Jarum jam menunjuk angka 10.30. Sinar matahari cukup terik. Rombongan keluarga Sultan Jailolo Ahmad Sjah dari Maluku Utara memasuki Kampung Salegedang, Cianjur, Jawa Barat. Jumlah mereka sepuluh orang. Rombongan itu menuju makam leluhur mereka, Sultan Hajuddin atau Sultan Jailolo ketiga. Mereka sempat kelelahan setelah menempuh perjalanan panjang dari Halmahera. Tapi kelelahan itu sirna begitu mereka berdiri tepat di depan makam Sultan Hajuddin. Makam berukuran 1,5 x 2 meter persegi itu terletak di belakang Taman Makam Pahlawan Cianjur. Usianya sudah satu abad lebih. Makam tersusun dari beberapa batu kali. Di sesela batu kali, rumput liar tumbuh subur. Seolah menjadi pelindung makam dari panasnya sinar matahari.
Sultan Hajuddin diasingkan ke Cianjur oleh pemerintah kolonial pada 1832. Sebab sikap keluarga Sultan Jailolo tak sejalan lagi dengan politik pemerintah kolonial. Sultan Hajuddin menghabiskan hari-hari terakhirnya di Cianjur. Selama ratusan tahun, keluarganya tak mengetahui letak pasti makamnya.
Baca juga: Empat Raja yang Dibuang ke Cianjur
Hari itu, Jumat 25 Oktober 2019, akhirnya keluarga Sultan Hajuddin berhasil menemukan makam Sultan Hajuddin setelah membaca artikel historia.id. Rombongan kemudian menengadahkan tangan untuk berdoa. Beberapa warga dan sesepuh kota Cianjur yang menemani mereka, juga ikut berdoa. Suasana haru dan hening sesaat.
Baca juga: Dari Jailolo ke Priangan
Sultan Ahmad Sjah mengaku lega bisa berkunjung ke makam leluhurnya. “Selama ini, ayah kami tidak pernah memberi tahu kami di mana makam leluhur kami. Jadi ketika sekarang akhirnya kami bisa menemukannya lalu ziarah sekaligus berdoa untuk beliau, rasanya plong sekali.”

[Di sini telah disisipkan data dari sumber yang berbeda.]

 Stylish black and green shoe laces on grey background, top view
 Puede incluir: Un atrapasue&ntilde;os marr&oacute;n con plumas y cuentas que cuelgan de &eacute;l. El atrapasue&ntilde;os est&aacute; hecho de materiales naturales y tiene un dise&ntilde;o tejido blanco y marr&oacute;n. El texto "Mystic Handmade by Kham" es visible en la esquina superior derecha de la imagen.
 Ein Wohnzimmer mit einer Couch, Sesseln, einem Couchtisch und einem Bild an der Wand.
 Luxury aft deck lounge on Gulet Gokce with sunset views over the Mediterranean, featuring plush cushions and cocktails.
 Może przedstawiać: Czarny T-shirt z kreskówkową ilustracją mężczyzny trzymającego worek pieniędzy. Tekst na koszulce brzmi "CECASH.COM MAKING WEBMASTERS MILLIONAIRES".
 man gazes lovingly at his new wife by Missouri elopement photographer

Khareudin, Perdana Menteri Jailolo, mengatakan sebenarnya mereka sudah tahu kisah pengasingan Sultan Jailolo ketiga sejak 2006. Tapi kisahnya tak lengkap. “Setahu kami Sultan itu diasingkan hanya sampai Batavia. Tapi ternyata sampai di Cianjur, dan sekarang kami bisa menelusurinya hingga ketemu itu rasanya luar biasa.”

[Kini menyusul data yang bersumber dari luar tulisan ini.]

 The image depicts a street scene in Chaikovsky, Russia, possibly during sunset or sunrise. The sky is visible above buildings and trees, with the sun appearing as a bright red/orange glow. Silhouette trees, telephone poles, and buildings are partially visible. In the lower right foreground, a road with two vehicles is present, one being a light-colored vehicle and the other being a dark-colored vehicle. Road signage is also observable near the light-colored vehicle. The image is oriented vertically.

Sementara para warga sekitar tidak pernah tahu secara pasti siapa yang bersemayam di makam itu. “Sebelumnya orang-orang di sini hanya tahu bahwa itu makam orang besar dari seberang, dan mereka mengenalnya hanya sebatas itu. Makam Haji Lolo, bukan Sultan Jailolo,” kata Agus Thosin (65 tahun), sesepuh Salegedang.
Saat akan meninggalkan makam, Sultan Ahmad Sjah menyampaikan penghormatan setinggi-tingginya kepada warga. “Saya ucapkan terima kasih kepada semua warga Cianjur yang sudah membantu saya dan keluarga menemukan makam leluhur kami. Insya Allah kami akan sering ke sini untuk menjaga dan merawat makam keluarga kami ini.”